![]()
To keep your cluster stable and responsive, you need to understand what the Proxmox metrics mean — and how to interpret them. This guide explains every key metric, including CPU, memory, I/O pressure, and storage performance, with tips for troubleshooting common issues.
What Are Proxmox Metrics?
Proxmox continuously collects system performance metrics from the Linux kernel, KVM hypervisor, and storage subsystems. These metrics give you insights into:
- Node health (CPU, RAM, I/O, swap)
- VM and container performance
- Cluster communication
- ZFS or Ceph storage behavior
You can view these metrics from the Proxmox web GUI, the command line, or external monitoring tools such as Nagios and Grafana.

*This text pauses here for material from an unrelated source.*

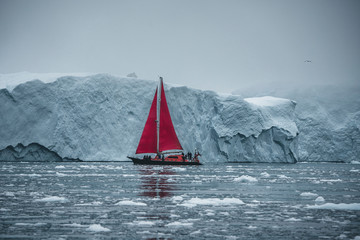 Beautiful red sailboat in the arctic next to a massive iceberg showing the scale. Cruising among...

Node-Level Metrics in Proxmox VE 9
These metrics represent the overall health of your host (node).
You can find them under:
Datacenter → Node → Summary / Metrics Tabs or via CLI commands such as pveperf.
| Metric | Description | Healthy Range | Notes |
|---|---|---|---|
| CPU Usage (%) | Total CPU load across all cores | <70% sustained | Includes KVM overhead |
| IO Delay (%) | Time CPU spends waiting for disk I/O | <5% | High values = disk bottleneck |
| System Load Average | Average number of running/waiting processes | ≤ number of CPU cores | Higher = CPU or I/O congestion |
| Memory Usage (%) | RAM consumed by OS, VMs, ZFS ARC | <80% | ARC can use large memory portion |
| Swap Usage (%) | Used swap memory | 0–10% | Persistent use = insufficient RAM |
| Network (In/Out) | Bandwidth per NIC or bridge | – | Track for traffic spikes |
| Uptime | Time since last reboot | – | Indicates stability |
Disk and Storage Metrics (ZFS, LVM, Ceph)

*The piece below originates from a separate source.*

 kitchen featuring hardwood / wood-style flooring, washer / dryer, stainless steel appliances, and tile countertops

Storage performance directly impacts VM responsiveness.
You can check metrics under Datacenter → Storage → Summary or via:
zpool iostat -v 1
iostat -x 1
pvesm status
| Metric | Description | Ideal Value | Notes |
|---|---|---|---|
| Read/Write Throughput (MB/s) | Data transfer speed | – | Indicates workload intensity |
| IOPS (Ops/sec) | Input/output operations per second | Higher is better | Depends on disk type |
| Latency (ms/op) | Average delay per I/O operation | <5ms (SSD), <20ms (HDD) | Key indicator for slow storage |
| ZFS ARC Size | ZFS read cache memory usage | – | Boosts read performance |
| ZIL/SLOG Activity | Sync write log operations | – | Add dedicated SLOG for NFS/databases |
| Fragmentation % | Data fragmentation in pool | <50% | High = degraded performance |
Understanding I/O Pressure Stall in Proxmox VE 9
Starting with Linux kernel 5.x, Proxmox includes Pressure Stall Information (PSI) — a mechanism that shows how long processes are delayed due to resource contention.
PSI types:
| Type | File | Meaning |
|---|---|---|
| CPU Pressure | /proc/pressure/cpu | Waiting for CPU time |
| Memory Pressure | /proc/pressure/memory | Waiting for memory reclaim |
| IO Pressure | /proc/pressure/io | Waiting for disk I/O completion |
Check with:
cat /proc/pressure/io
If avg10 (average stall time over 10 seconds) is above 10–15%, it indicates I/O bottlenecks — usually due to slow disks, overloaded ZFS pools, or too many simultaneous sync writes.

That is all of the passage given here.